Exercise aim:
Omit all pictures. Copy exactly the lines from the line containing "21 Needleridge Court" to the end of the listing, with both ends included.

Recorded information:
-.-.-

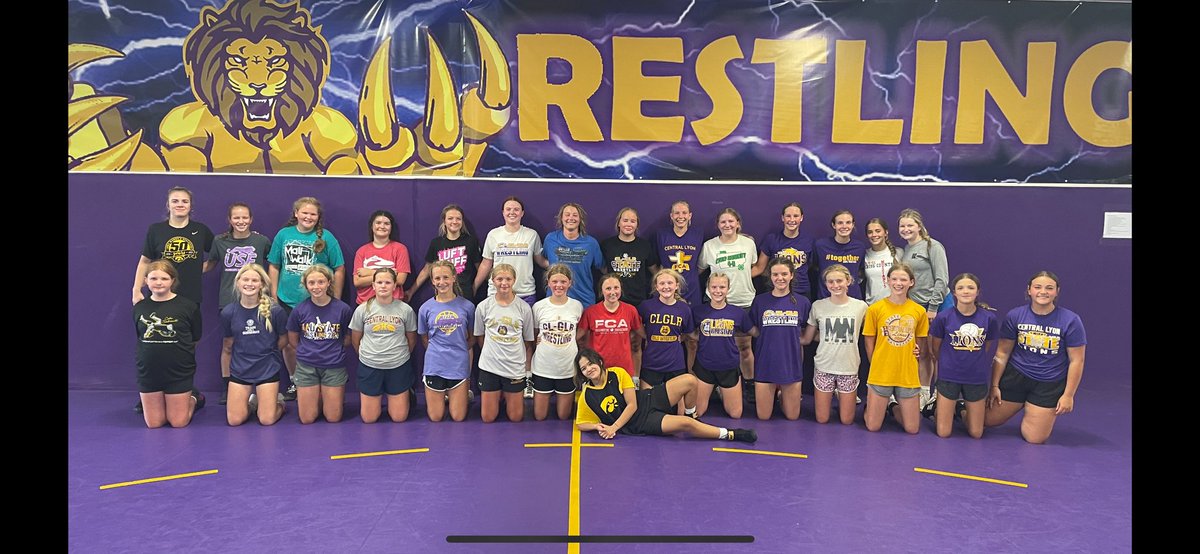 LyonsDenWrestl's tweet image. We had a great two days of camp with these girls! Can’t wait to see what the future holds! Thanks to Reese Larramendy and Sterling Dias.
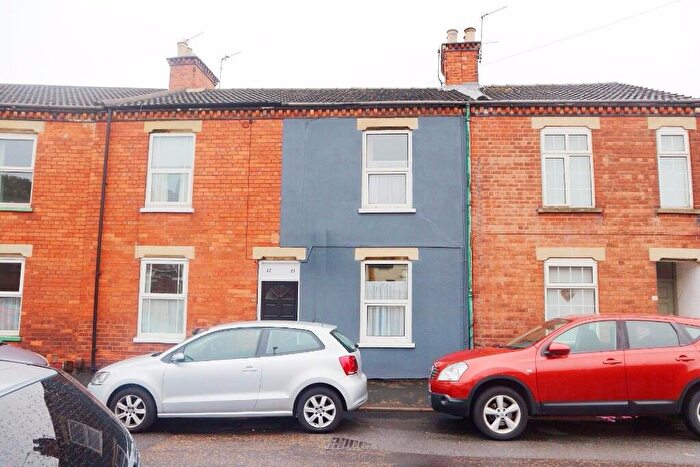 2 Bedroom Terraced House For Sale In Park Road, Grantham, Lincolnshire, NG31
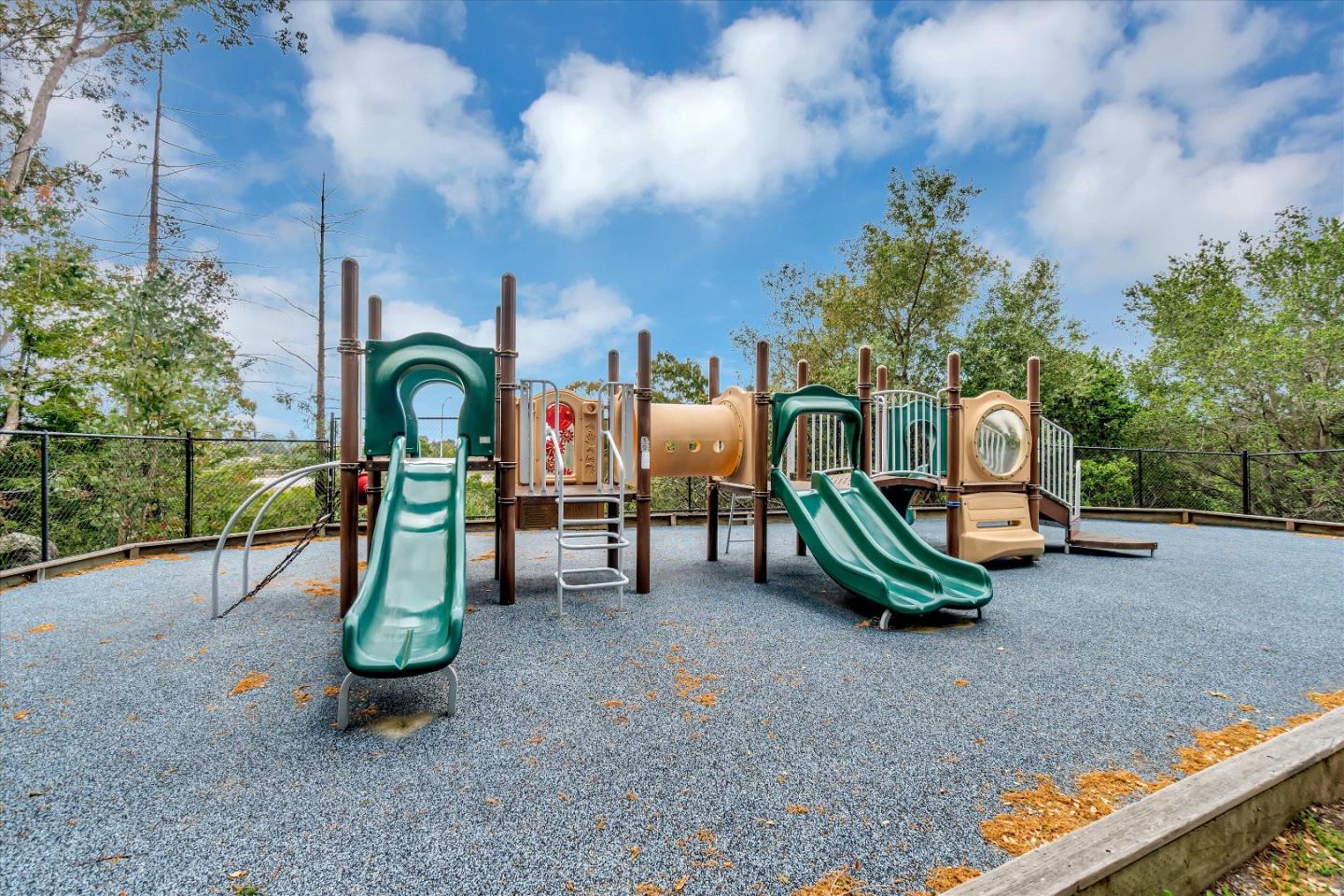 21 Needleridge Court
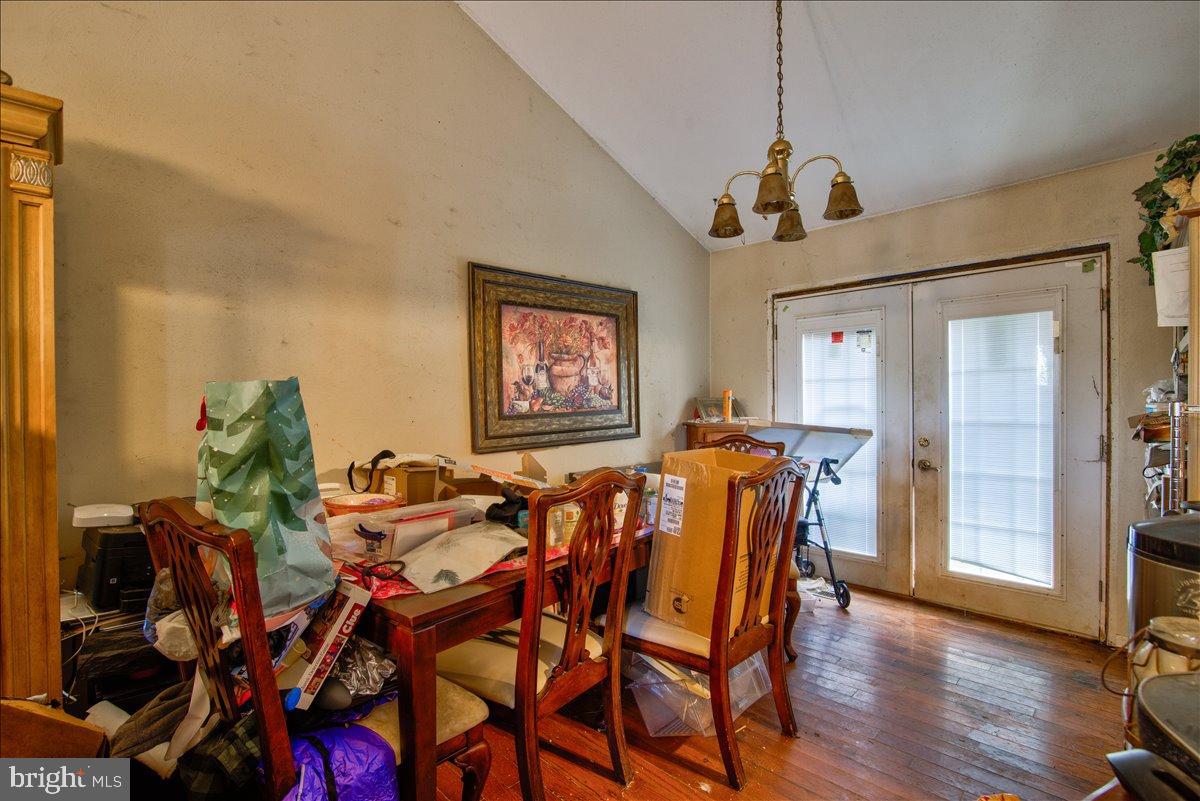 344 ELM ST, VINTON, Virginia 24179, 3 Bedrooms Bedrooms, 6 Rooms Rooms,3 BathroomsBathrooms,Residential,For sale,344 ELM ST,VARK2000054 MLS # VARK2000054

-.-.-

Answer section:
 21 Needleridge Court
 344 ELM ST, VINTON, Virginia 24179, 3 Bedrooms Bedrooms, 6 Rooms Rooms,3 BathroomsBathrooms,Residential,For sale,344 ELM ST,VARK2000054 MLS # VARK2000054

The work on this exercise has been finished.